Mon engagement militant reste récent. Je fais partie de cette génération qui a intégré durant sa jeunesse (les années 80) "la fin des idéologies", la victoire de la "rationalité économique" contre les passions et les pouvoirs du politique, la complexité qui ne pouvait être gérée que par des "experts"… Et même si je me sentais indignée de la marche du monde, je me suis longtemps pensée impuissante et incompétente à changer la donne. Je ne peux ici que rendre hommage à Pierre Bourdieu qui m’a fait le premier entrevoir d’autres possibles. Paradoxalement, alors que ses détracteurs lui attribuent une vision déterminée et figée des rapports sociaux, sa mise en lumière d’une sorte d’inconscient social et surtout son concept de "violence symbolique" ont eu l’effet de me libérer d’une certaine naïveté et de me faire bouger. On parle, on agit depuis une place qui nous a été assignée. Et peut-être que notre premier ennemi, c’est nous même. Sans une certaine approche réflexive sur ce qui nous a "conditionnés" et pourrait conditionner notre engagement militant (le désir de défendre des valeurs ou celui d’occuper de nouvelles places ?), le risque est de se complaire d’un côté dans la "soumission volontaire" et de l’autre de tomber dans la "reproduction". Mais l’œuvre de Bourdieu porte aussi un immense espoir.
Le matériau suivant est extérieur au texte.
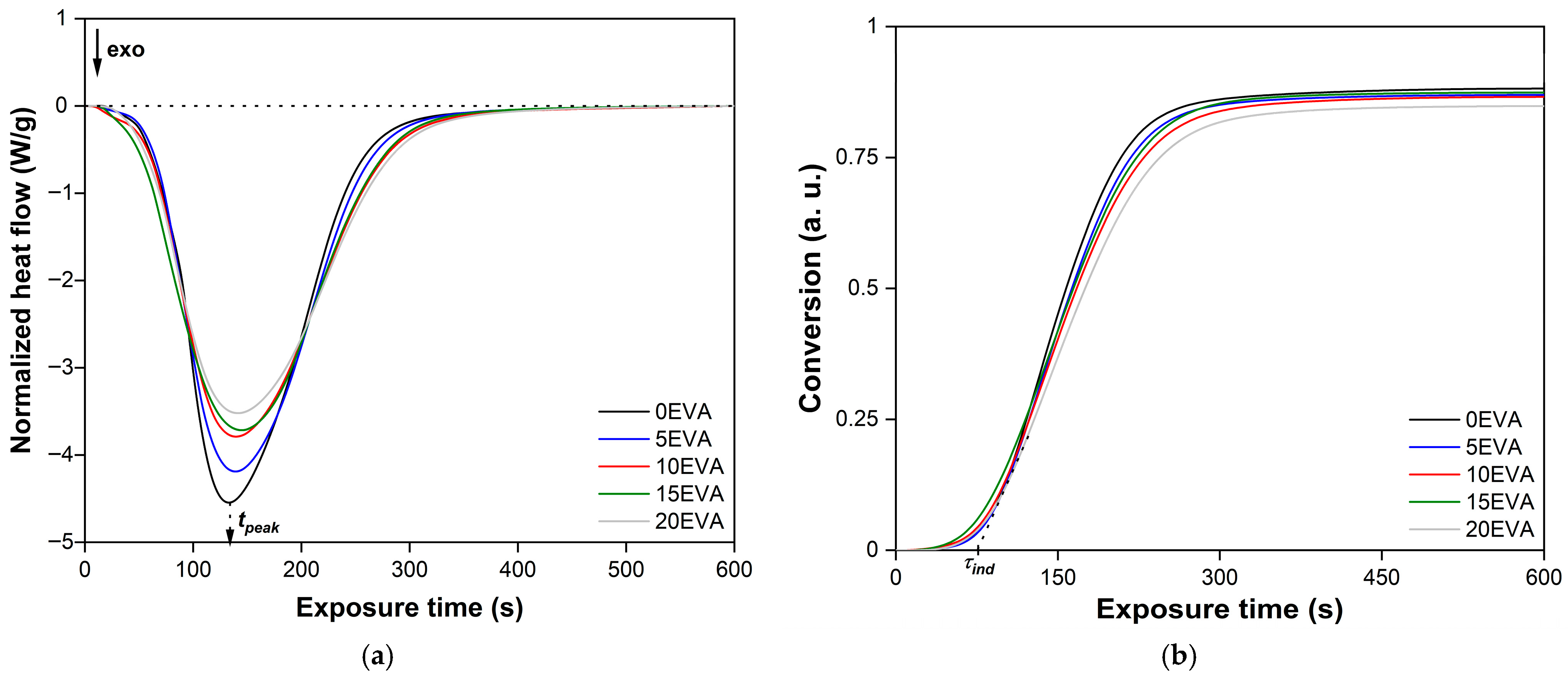Polymers 17 02787 g008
Depuis Bourdieu, j’ai rencontré nombre d’auteurs sur mon parcours et d’humbles militants qui m’ont fait avancer (pour certains, parce qu’ils représentaient pour moi un contre-modèle !). Je garde cependant une affection particulière pour Attac, et ce malgré les graves crises qui l’ont secouée, pour son projet d’éducation politique populaire. J’y ai trouvé beaucoup de réconfort et de soutien dans l’action tant au niveau intellectuel qu’au niveau humain. Pour finir, je ne peux pas ne pas parler de Bruno Latour : il intègre l’importance de la matérialité du monde dans le monde social, remet en question l’idée de société, l’idée de l’humain, cultive le paradoxe d’un certain "relativisme universel", et défend l’incertitude (ou plutôt les non-certitudes) comme moteur de l’action démocratique... Pour lui, l’écologie politique ne consiste pas à faire de l’écologie un sujet politique mais suppose de transformer radicalement nos modes de pensées, d’agir et particulièrement nos pratiques démocratiques. Et pour moi, il est bien là l’enjeu : permettre à la pensée de s’ouvrir aux contradictions, aux paradoxes, sortir de nos structures mentales héritées pour espérer penser l’impensable, réaliser l’irréalisable… au service du vivre ensemble dans un monde préservé.